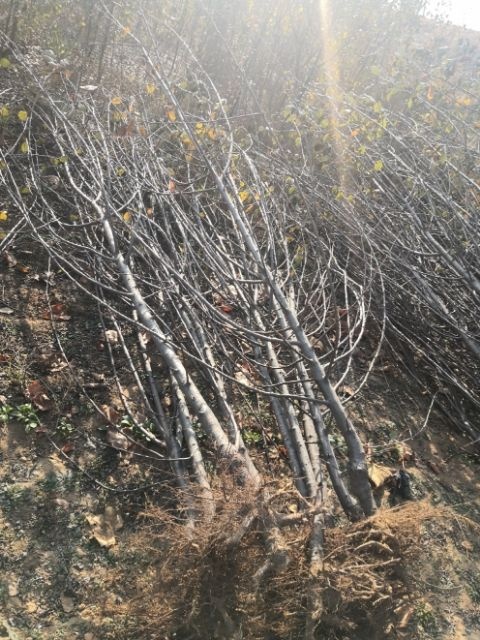 泰安红肉苹果树苗  苹果树，苹果苗，富士，鲁丽，红肉苹果苗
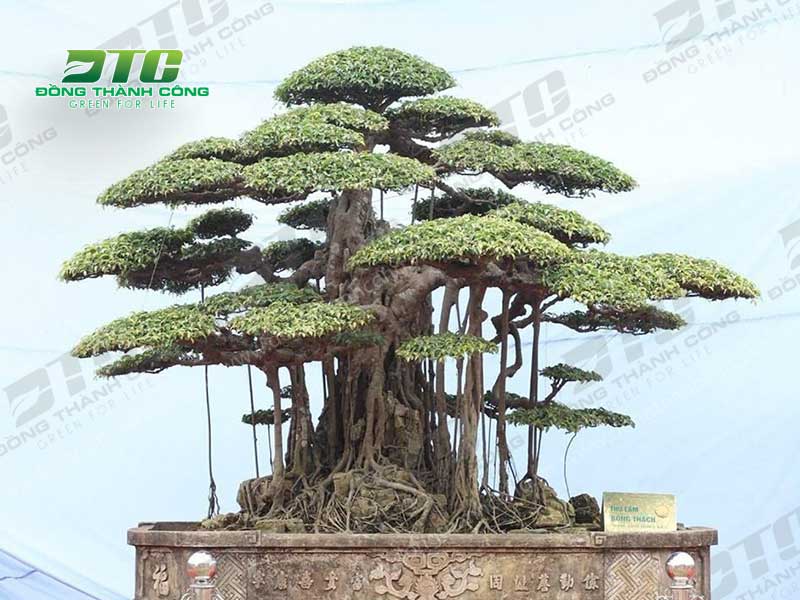 Có rất nhiều loại cây bonsai dáng trực được lựa chọn
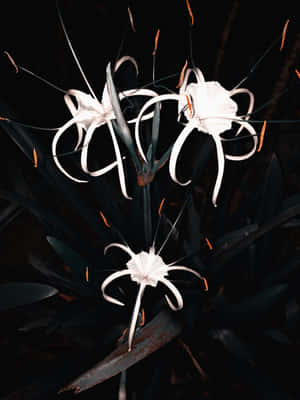 A Stunning View Of Sulawesi's Landscapes Wallpaper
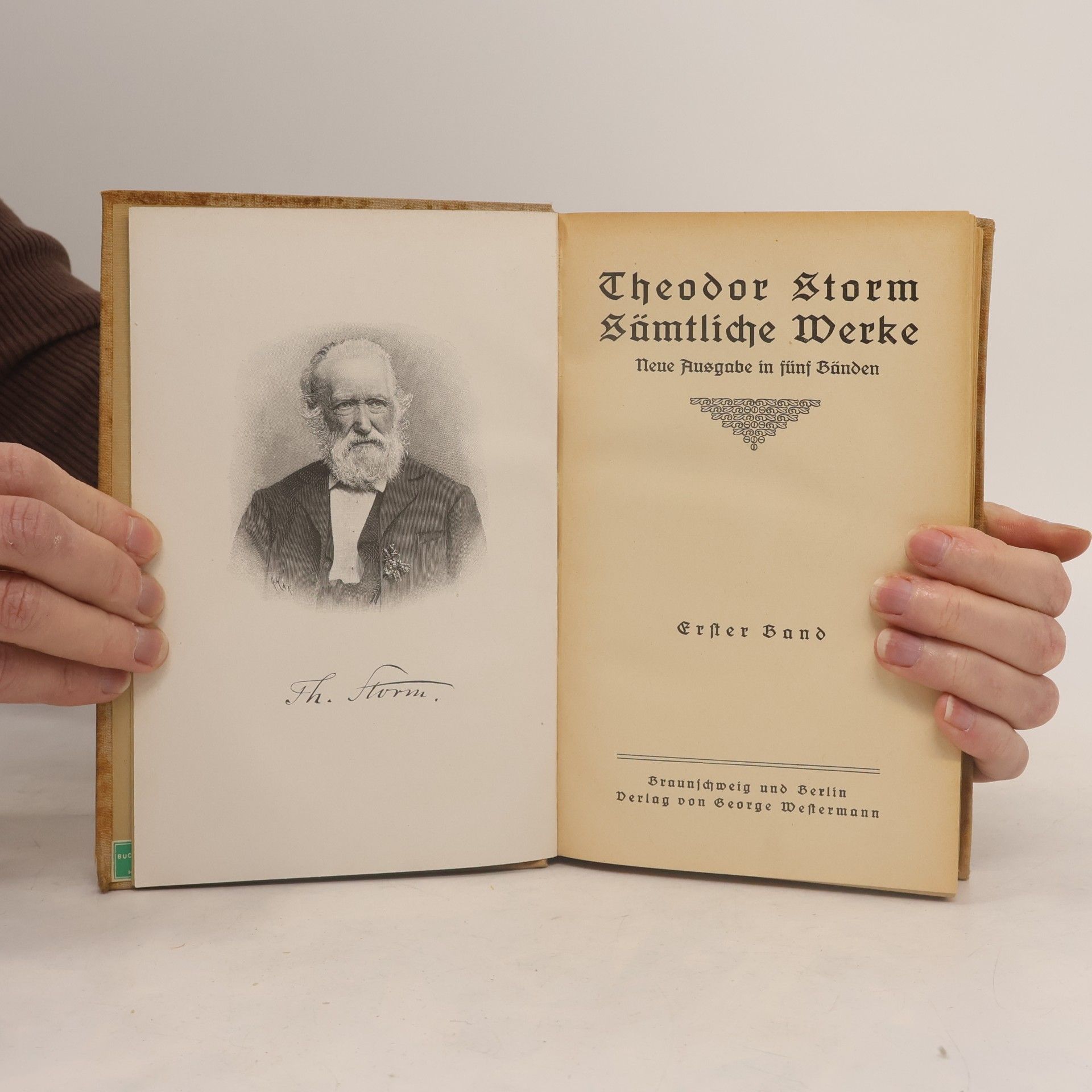 Theodor Storm Sämtliche Werke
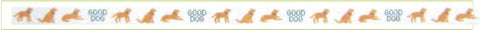 Yellow Lab Belt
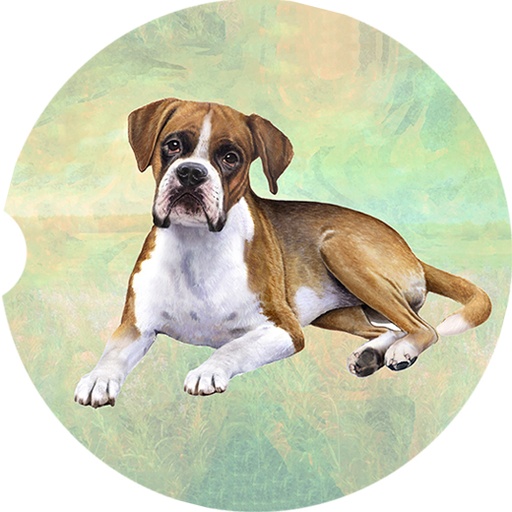 Boxer coasters car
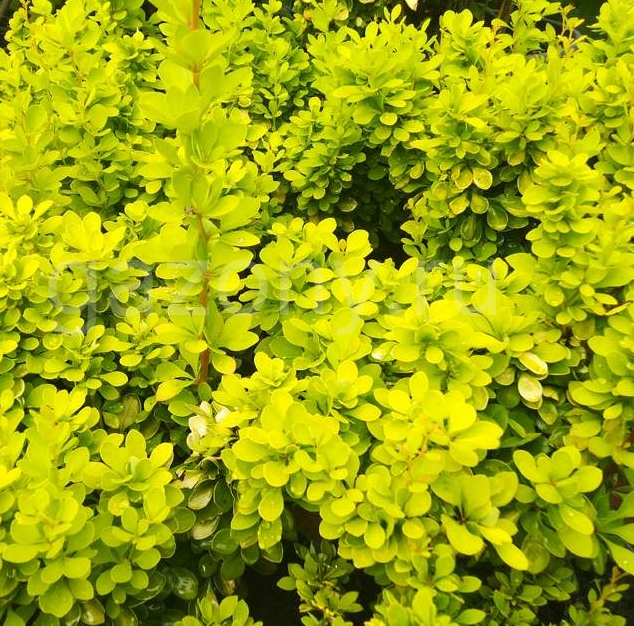 Основное изображение товара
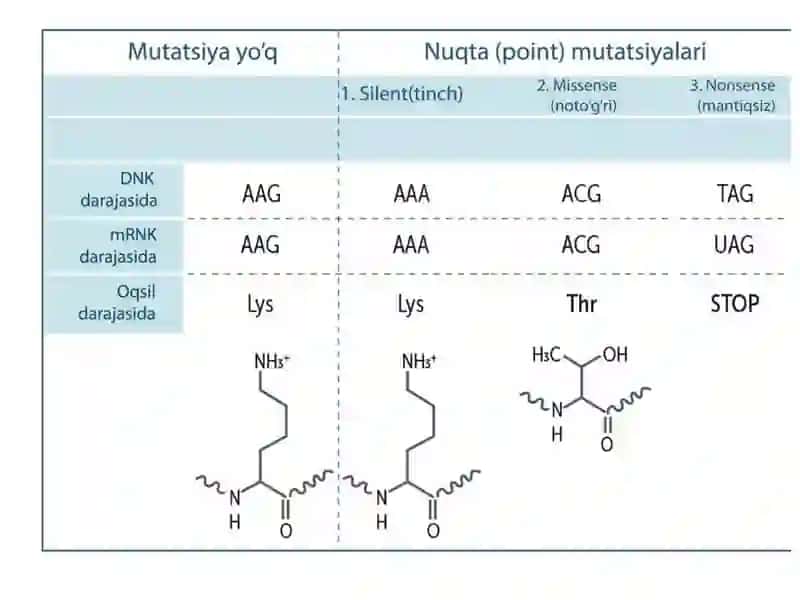 mutatsiyalar 3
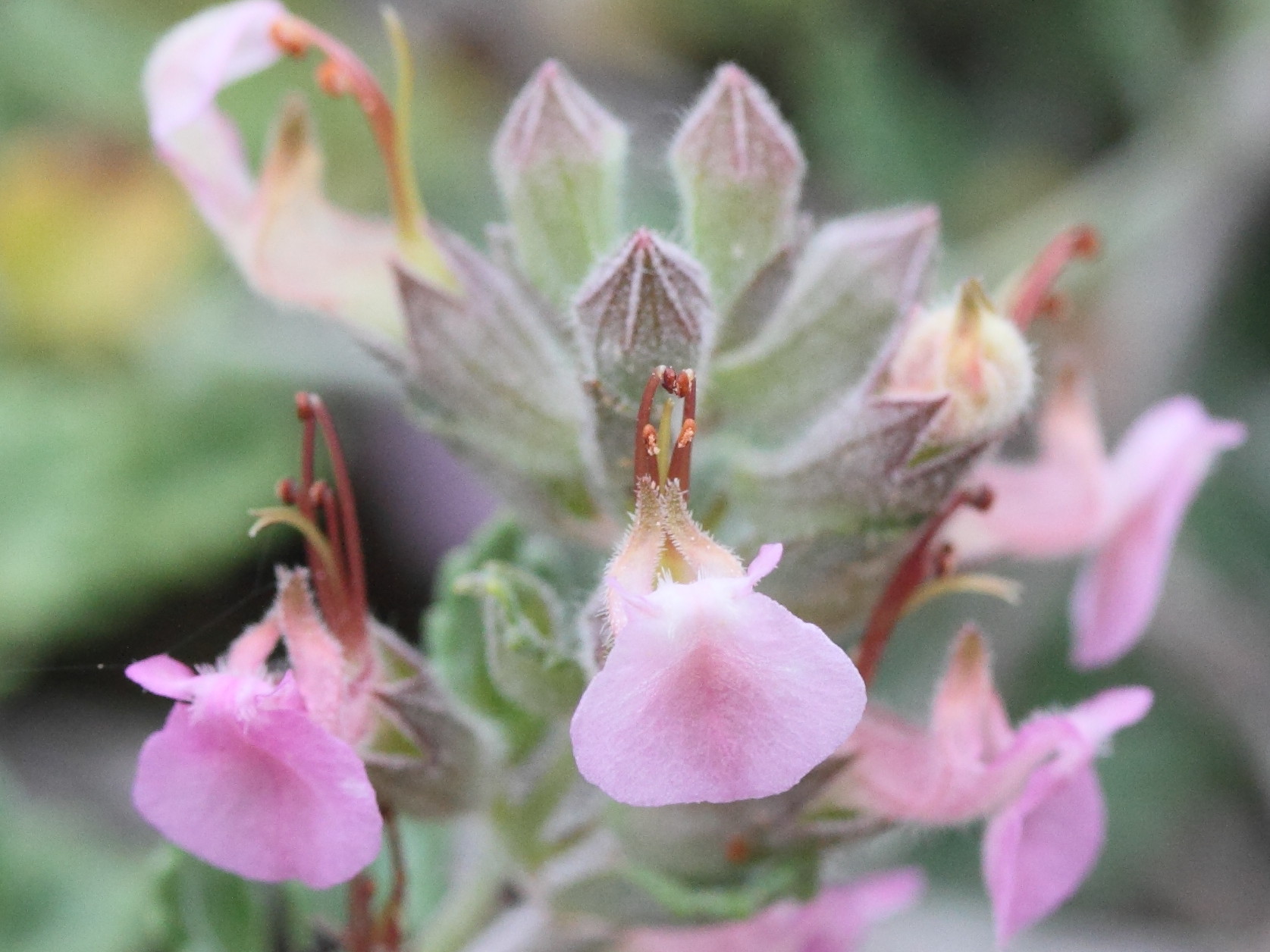 Afficher le média teucrium_divaricatum3md teucrium_divaricatum3md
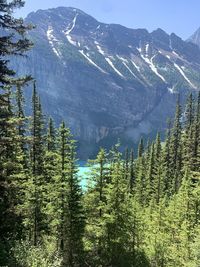 Low angle view of trees in forest bright blue lake emerald lake canadian rockies 
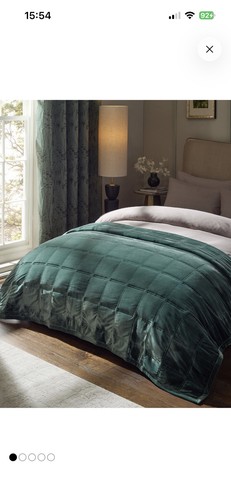 Next green lustre quilted - next,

• **ASSIGNMENT**
Using the data above, write out every line exactly, leaving the images behind.

• **ANSWER TO THE PROBLEM**
 泰安红肉苹果树苗  苹果树，苹果苗，富士，鲁丽，红肉苹果苗
 Có rất nhiều loại cây bonsai dáng trực được lựa chọn
 A Stunning View Of Sulawesi's Landscapes Wallpaper
 Theodor Storm Sämtliche Werke
 Yellow Lab Belt
 Boxer coasters car
 Основное изображение товара
 mutatsiyalar 3
 Afficher le média teucrium_divaricatum3md teucrium_divaricatum3md
 Low angle view of trees in forest bright blue lake emerald lake canadian rockies 
 Next green lustre quilted - next,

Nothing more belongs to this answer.